只要能证明对方是男扮女装的,就能证明这人居心不纯,到时候官府就能光明正大的将那个嫌疑犯提审了。
“你是说那个柳枝?!”霍元朗一脸这你都能想得出来的表情,道:“她要真是个男人假扮的,怎么还可能会同意给我作妾?”
温良挑了挑眉,道:“有钱能使鬼推磨啊,这采花贼要真是那么有钱,早去青楼寻乐子了,何苦做这种事情?你看他采的都是些什么花?那驿长的情妇我打听过了,相貌着实不怎么样,且已经年近五十,那采花贼却还要去采,你说他岂会是个有钱的人?既然没什么钱,这个时候你要拿出几百两银子当聘礼买他做妾,他为什么不会答应?”
霍元朗愣了半天,仍是难以置信道:“所以……你、你就让我娶一个男人?!况且,外一她不是男人,就是个女人呢?难道你要我和她过一辈子?!”
温良想了想,摇头:“也不能这样说,纳妾怎么能用娶字呢?以霍小公子你的身份,日后想要多少妻妾不行?还在乎多了这么一个?外一她真是个女人,大不了就放在宅子里养着嘛,不过多一张嘴而已。”
霍元朗整个人都不好了,忽而,他指着霍茗道:“既然这样,你为什么不让三叔纳了算了?反正三叔那别院里也没少安置女人,你如今是三叔未婚妻,三叔的后宅日后迟早也是你要管的,你让三叔纳了不是正好?!”

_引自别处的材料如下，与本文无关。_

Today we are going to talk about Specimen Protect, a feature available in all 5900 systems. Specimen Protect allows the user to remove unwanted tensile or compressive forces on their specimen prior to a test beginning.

温良想了想,忽而觉着霍元朗这话说得竟也有几分道理,她扭头看向霍茗。霍茗脸色顿时大变,原本还是冷眼旁观看戏的他登时蹙了蹙眉,两道寒光射向霍元朗。这次不只是霍元朗打了个哆嗦,连温良都在心里暗道不妙,霍茗发起火来可从不是那么容易消气的,虽说霍茗还从没对温良发过怒,可温良还是吓得心肝脾肺都跟着颤了颤。半晌,霍茗却只撇开视线,低声道:“我不,别看我!”
温良识趣的点了点头,霍元朗也禁了声,霍茗淡淡道:“我早说过她不是,可你若是非想看看她到底是不是,那就让元朗纳她进门罢,想来那个妇人也是愿意的。”
霍元朗满面委屈,就差没蹦起来了,一副快哭的神情,不平道:“为什么又是我?!三叔,就算我平时算是半个废物帮不上什么大忙,可你也不能卖侄求荣啊!”
霍茗淡淡的目光扫过霍元朗,霍元朗打了个寒颤,赶忙点头道:“我觉着三叔的主意不错,柳枝也挺好的。”
罢了,霍元朗心道,反正府里的女人也不少,若那柳枝真是个女人,他就权当多养个闲人了,过个一年半载再给那柳枝些银子将她打发走就是了。
与霍元朗说好后,温良立刻催着霍元朗过去柳枝那里提亲,霍元朗被她催得一肚子气,可碍于霍茗的面子又不敢对温良发火,憋着一肚子气脸色也不大好了,一脸苦大仇深的直奔长廊最里面的房间。
霍元朗年轻气盛,怒气正盛的时候脸色自然好不到哪里去,这一路走来光看就知道来者不善,旁人不知道的只怕还以为霍元朗不是去提亲、是去寻仇的呢。
临走到最里面的房间门口,霍元朗吱也不吱一声,一脚踹开房门,对着吓了一跳的柳枝怒气冲冲道:“给你二百两银子,给我做妾行吗?”
柳枝被那踹门的巨响吓得站了起来,可面上却并没有惊慌之色,她迟疑片刻,点了点头,乖觉的脱下外衫,并没有任何反抗,道:“公子可是眼下就要……”
柳枝这莫名的懂事让站在门边的温良一时间也是糊涂了,难道柳枝真的是个女人?难道是温良搞错了?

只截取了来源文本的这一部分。